Re: [Lsf-pc] [LSF/MM TOPIC] Badblocks checking/representation in filesystems

From: Vishal Verma <vishal.l.verma@intel.com>
To: Jan Kara <jack@suse.cz>
Cc: Andiry Xu <andiry@gmail.com>,
	Slava Dubeyko <Vyacheslav.Dubeyko@wdc.com>,
	"Darrick J. Wong" <darrick.wong@oracle.com>,
	"linux-nvdimm@lists.01.org" <linux-nvdimm@ml01.01.org>,
	"linux-block@vger.kernel.org" <linux-block@vger.kernel.org>,
	Viacheslav Dubeyko <slava@dubeyko.com>,
	Linux FS Devel <linux-fsdevel@vger.kernel.org>,
	"lsf-pc@lists.linux-foundation.org"
	<lsf-pc@lists.linux-foundation.org>
Subject: Re: [Lsf-pc] [LSF/MM TOPIC] Badblocks checking/representation in filesystems
Date: Thu, 19 Jan 2017 14:17:19 -0700	[thread overview]
Message-ID: <20170119211719.GG4880@omniknight.lm.intel.com> (raw)
In-Reply-To: <20170118093801.GA24789@quack2.suse.cz>

On 01/18, Jan Kara wrote:
> On Tue 17-01-17 15:37:05, Vishal Verma wrote:
> > I do mean that in the filesystem, for every IO, the badblocks will be
> > checked. Currently, the pmem driver does this, and the hope is that the
> > filesystem can do a better job at it. The driver unconditionally checks
> > every IO for badblocks on the whole device. Depending on how the
> > badblocks are represented in the filesystem, we might be able to quickly
> > tell if a file/range has existing badblocks, and error out the IO
> > accordingly.
> > 
> > At mount the the fs would read the existing badblocks on the block
> > device, and build its own representation of them. Then during normal
> > use, if the underlying badblocks change, the fs would get a notification
> > that would allow it to also update its own representation.
> 
> So I believe we have to distinguish three cases so that we are on the same
> page.
> 
> 1) PMEM is exposed only via a block interface for legacy filesystems to
> use. Here, all the bad blocks handling IMO must happen in NVDIMM driver.
> Looking from outside, the IO either returns with EIO or succeeds. As a
> result you cannot ever ger rid of bad blocks handling in the NVDIMM driver.

Correct.

> 
> 2) PMEM is exposed for DAX aware filesystem. This seems to be what you are
> mostly interested in. We could possibly do something more efficient than
> what NVDIMM driver does however the complexity would be relatively high and
> frankly I'm far from convinced this is really worth it. If there are so
> many badblocks this would matter, the HW has IMHO bigger problems than
> performance.

Correct, and Dave was of the opinion that once at least XFS has reverse
mapping support (which it does now), adding badblocks information to
that should not be a hard lift, and should be a better solution. I
suppose should try to benchmark how much of a penalty the current badblock
checking in the NVVDIMM driver imposes. The penalty is not because there
may be a large number of badblocks, but just due to the fact that we
have to do this check for every IO, in fact, every 'bvec' in a bio.

> 
> 3) PMEM filesystem - there things are even more difficult as was already
> noted elsewhere in the thread. But for now I'd like to leave those aside
> not to complicate things too much.

Agreed that that merits consideration and a whole discussion  by itself,
based on the points Audiry raised.

> 
> Now my question: Why do we bother with badblocks at all? In cases 1) and 2)
> if the platform can recover from MCE, we can just always access persistent
> memory using memcpy_mcsafe(), if that fails, return -EIO. Actually that
> seems to already happen so we just need to make sure all places handle
> returned errors properly (e.g. fs/dax.c does not seem to) and we are done.
> No need for bad blocks list at all, no slow down unless we hit a bad cell
> and in that case who cares about performance when the data is gone...

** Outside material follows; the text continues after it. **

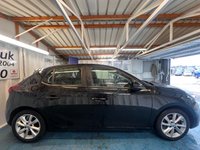 USED 2020 20 VAUXHALL CORSA 1.2 SE Hatchback 5dr Petrol Manual Euro 6 (75 ps)+2 KEYS+PSH+LOW INSURANCE+USB+ALLOYS+CRUISE+AIRCON+LOW MILEAGE+APPLECARPLAY+HPI CLEAR+VOSA MOT HISTORY+ 2 KEYS+PSH+LOW INSURANCE+USB+ALLOYS+CRUISE+AIRCON+LOW MILEAGE+APPLECARPLAY+LANE ASSIST+HPI CLEAR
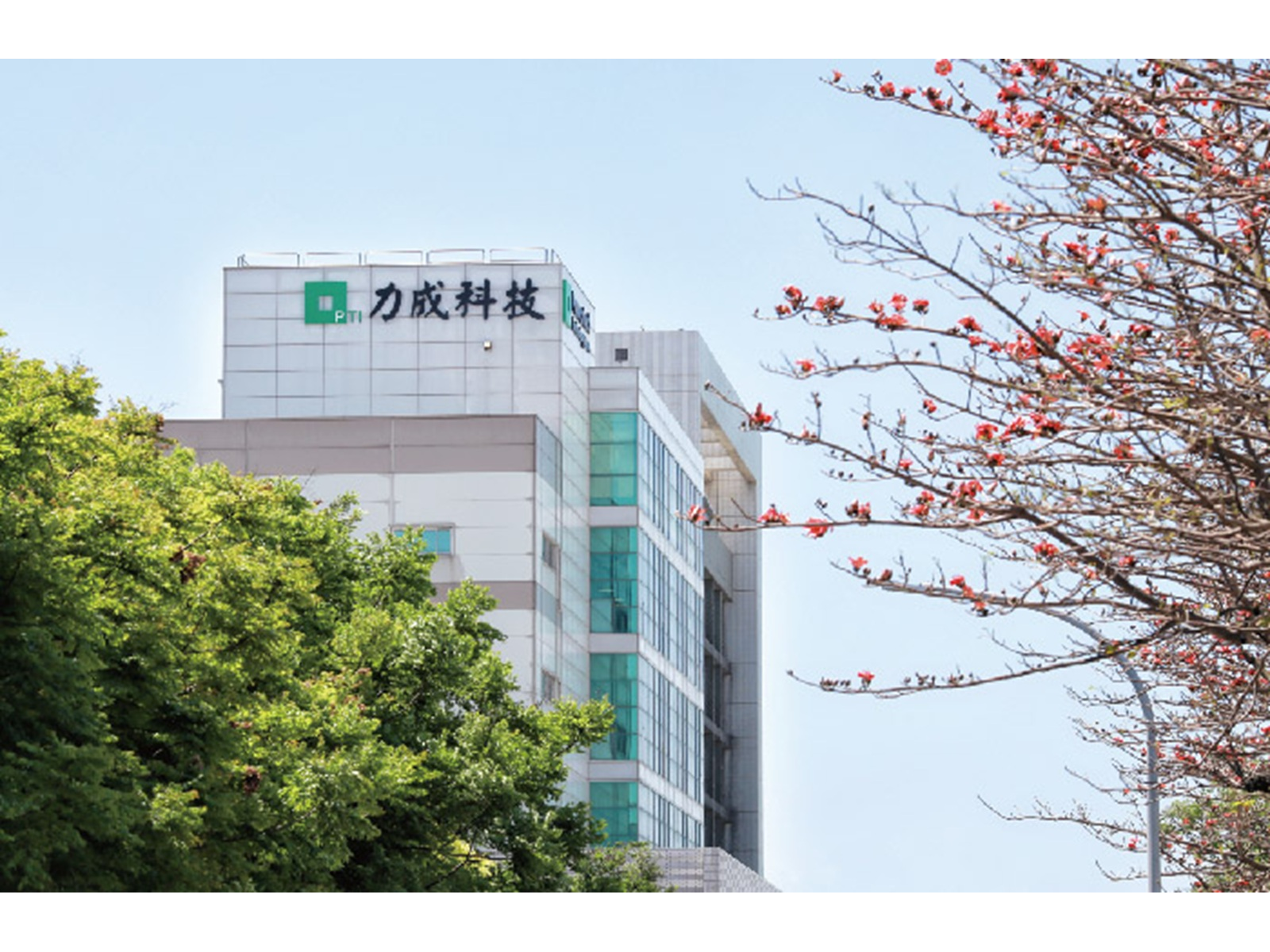 20220719 094931e69caae591bde5908d 1 04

Even when we have MCE recovery, we cannot do away with the badblocks
list:
1. My understanding is that the hardware's ability to do MCE recovery is
limited/best-effort, and is not guaranteed. There can be circumstances
that cause a "Processor Context Corrupt" state, which is unrecoverable.
2. We still need to maintain a badblocks list so that we know what
blocks need to be cleared (via the ACPI method) on writes.

> 
> For platforms that cannot recover from MCE - just buy better hardware ;).
> Seriously, I have doubts people can seriously use a machine that will
> unavoidably randomly reboot (as there is always a risk you hit error that
> has not been uncovered by background scrub). But maybe for big cloud providers
> the cost savings may offset for the inconvenience, I don't know. But still
> for that case a bad blocks handling in NVDIMM code like we do now looks
> good enough?

The current handling is good enough for those systems, yes.

> 
> 								Honza
> -- 
> Jan Kara <jack@suse.com>
> SUSE Labs, CR